Alain K. Tossa, Faozane Oro, Leonide Sinsin
L’année 2021 s’est achevée et nous tournons nos regards vers un nouveau cycle d’expériences, d’espoir mais surtout d’épreuves. En 2021, dans la quasi-totalité de la région ouest-africaine (de Savalou à Porga au Bénin, de Fada à Ouargaye au Burkina, de Cinkassé à Koutoukpa au Togo, etc.), nous avons impuissamment observé le poids de la solitude et du vide laissé par l’exode des populations; loin de représenter une fuite mais plutôt un témoignage.
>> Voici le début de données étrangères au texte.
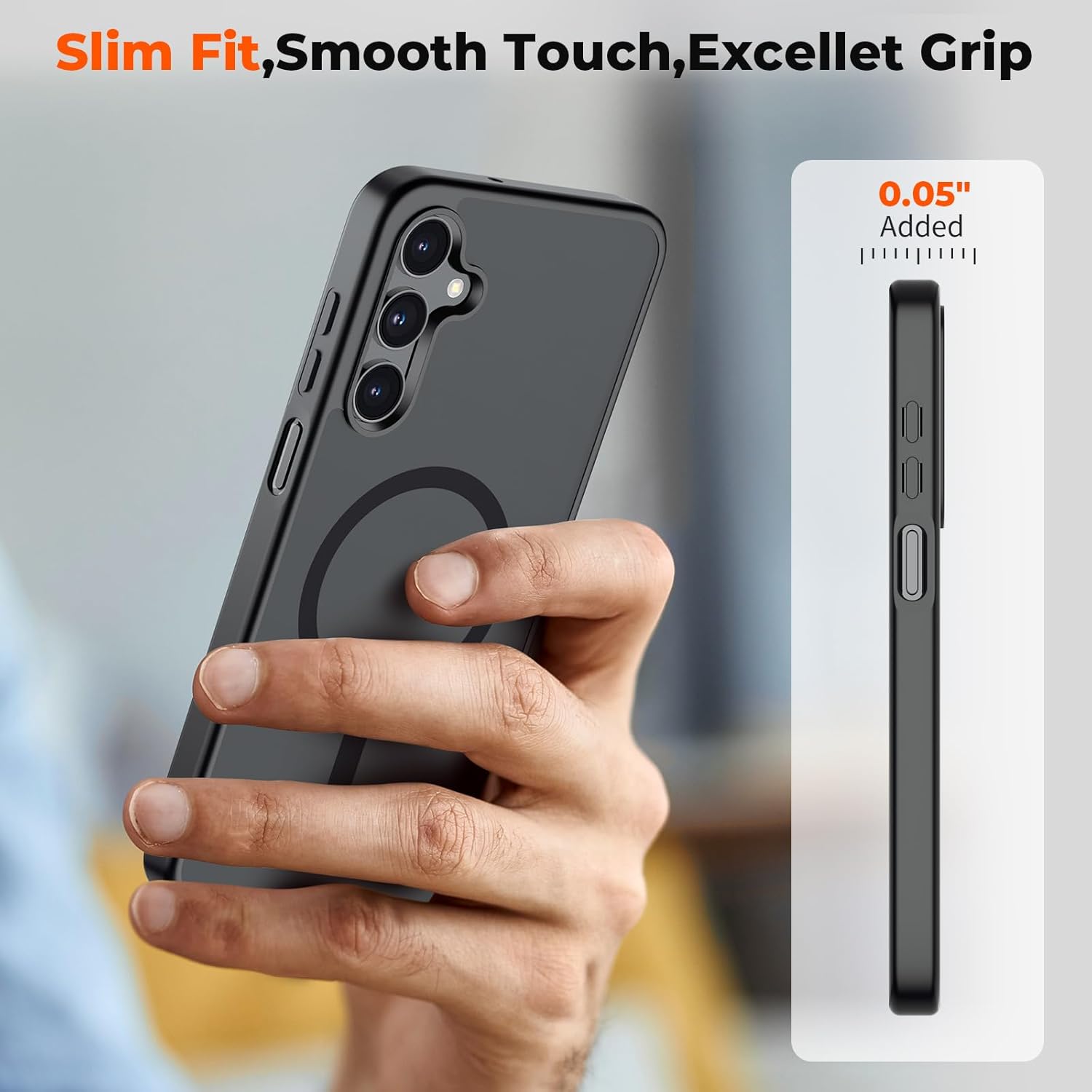 Thumbnail 6 de SUPFINE Magnetic Case for Samsung Galaxy A16 5G with Screen Protector — Slim, Shockproof & Mag-Driven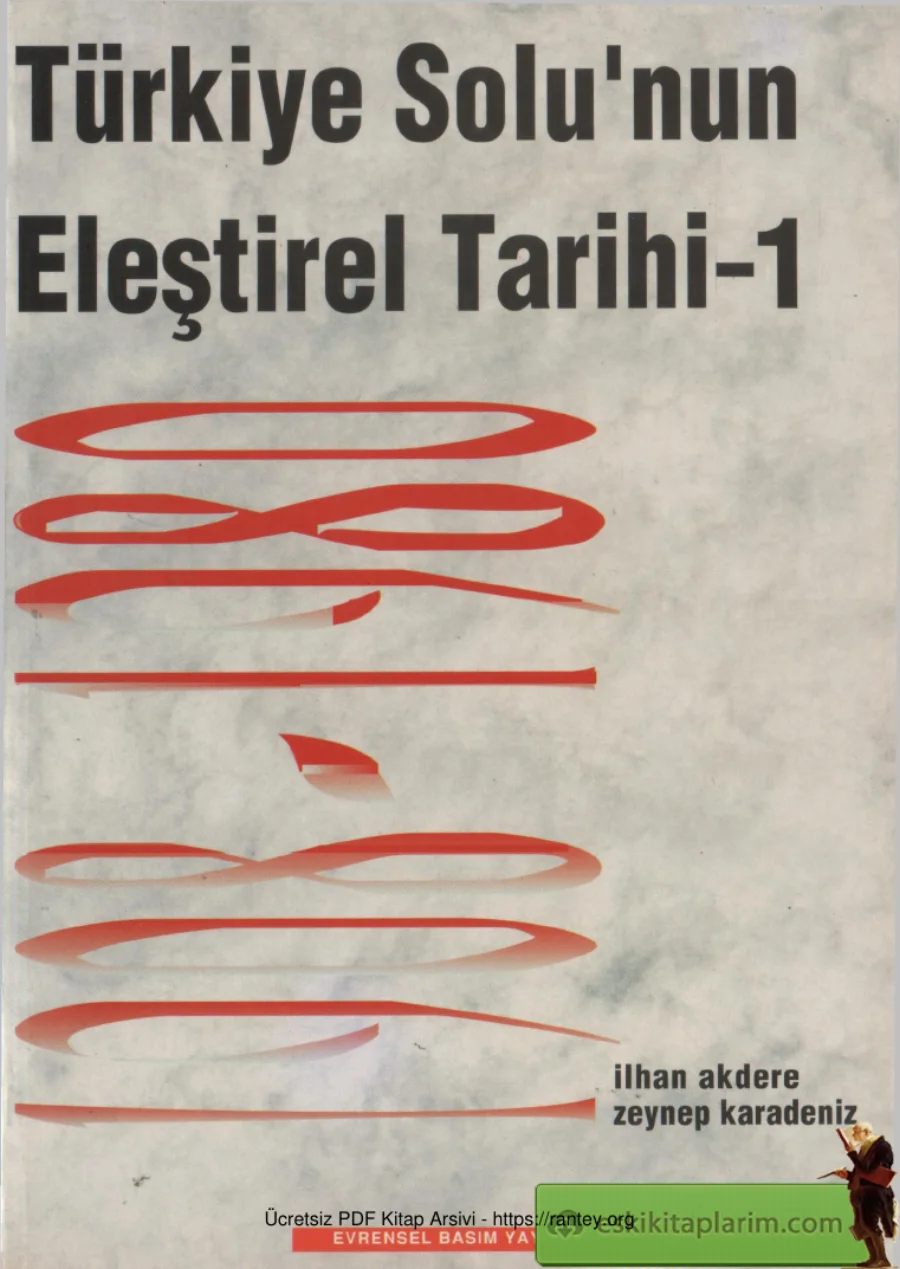 Türkiye Solunun Eleştirel Tarihi 1 Evrensel Basım Yayın kapak görseli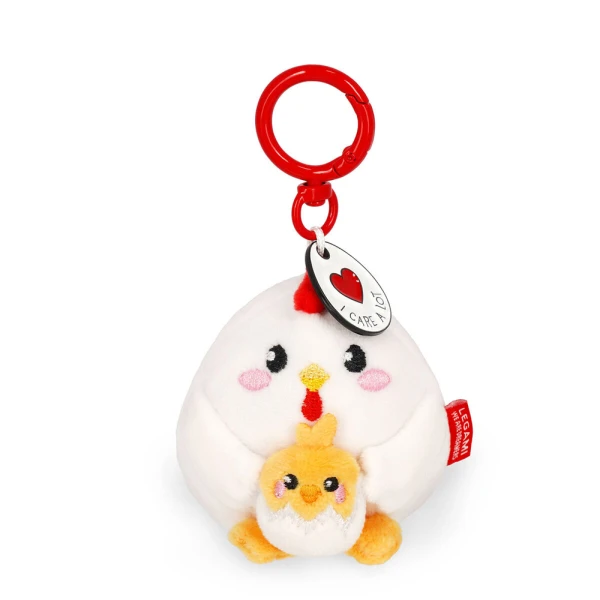 LEGAMI KEY RING SUPER SOFT PLUSH HEN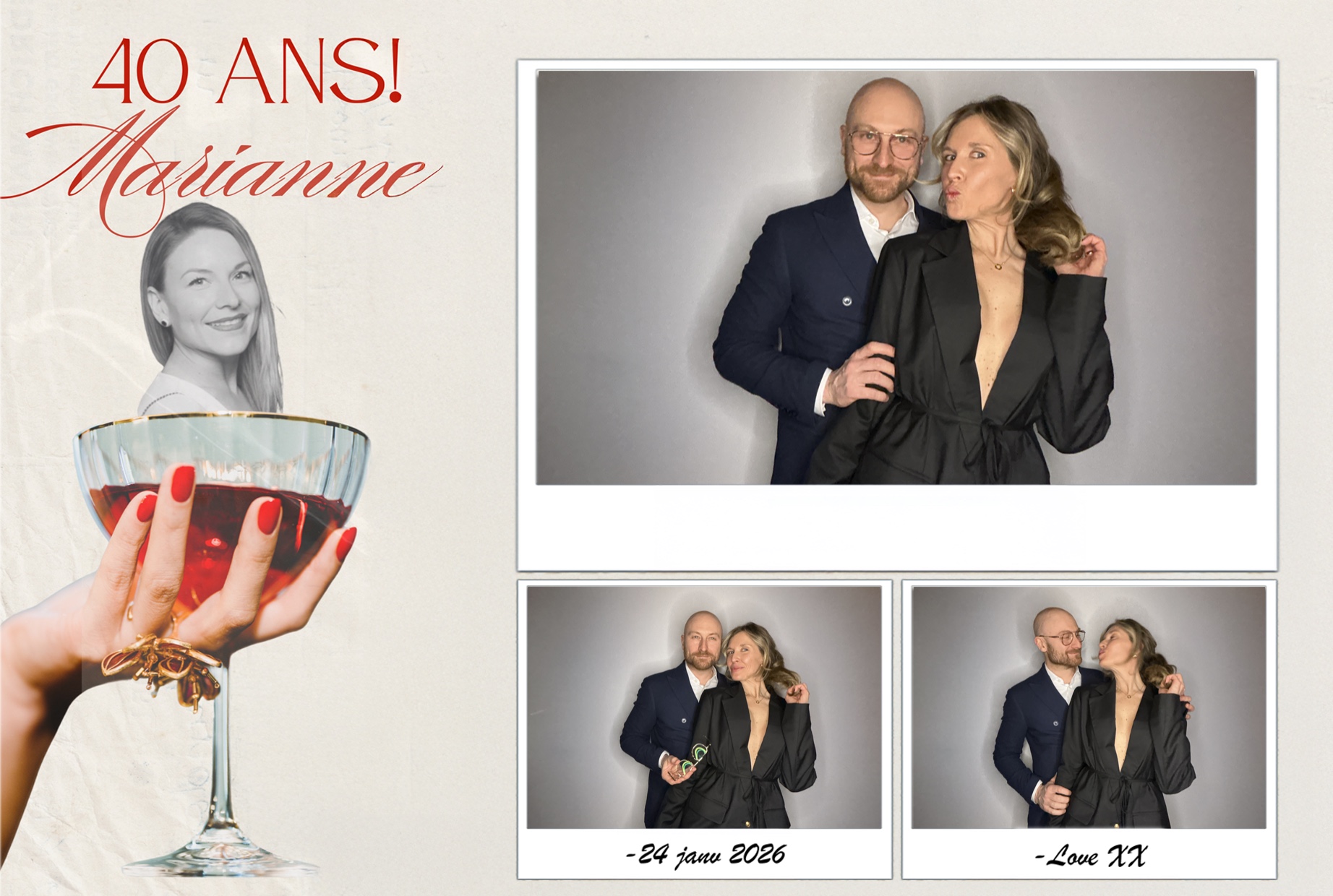 Fête 40 ans de Marianne | View more photos from the event at album.pbooth.red/u/Photobooth-RED/Fête-40-ans-de-Marianne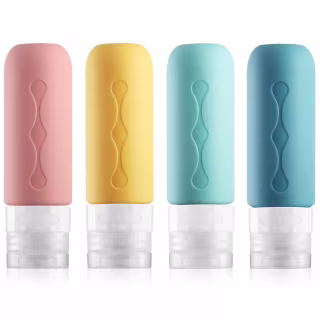 FOR BFCM BACON - Gemice Travel Bottles for Toiletries, Tsa Approved, Travel Size Containers, BPA Free Leak Proof Tubs Refillable Liquid Accessories for Cometic Shampoo and Lotion Soap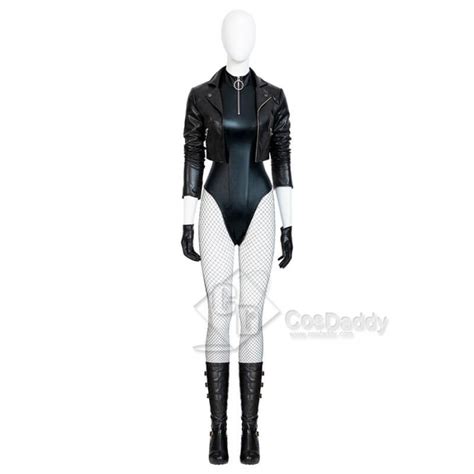 Black Canary Costumes Superhero Swimsuit Bodysuit Halloween Cosplay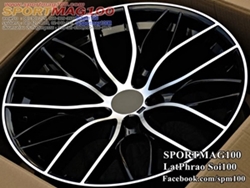 ล้อแม็กใหม่ Msport 5รู120 ET35 ดำหน้าเงา สำหรับซีรีย์3-ซีรีย์5ใหม่ F8.5 R9.5-20นิ้ว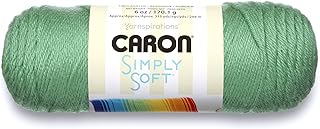 Fil caron soft solid (4) taille moyenne 100% acrylique - 170g - sauge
Parce que nous valons plus que des chiffres, ce billet se veut nourrir l’espace public des réflexions portées sur le secteur de l’énergie en Afrique subsaharienne sous différents regards.
Nous avons fait de l’accès à l’énergie un vecteur d’intégration des populations et des régions en électrifiant autant d’infrastructures socio communautaires et essentielles (écoles, centres de soin et de santé, unités administratives) que d’unités productives isolées exportatrices de biens à forte valeur ajoutée (champs de maraîchers, usines de transformation agricole, etc…) dans des régions souvent transfrontalières.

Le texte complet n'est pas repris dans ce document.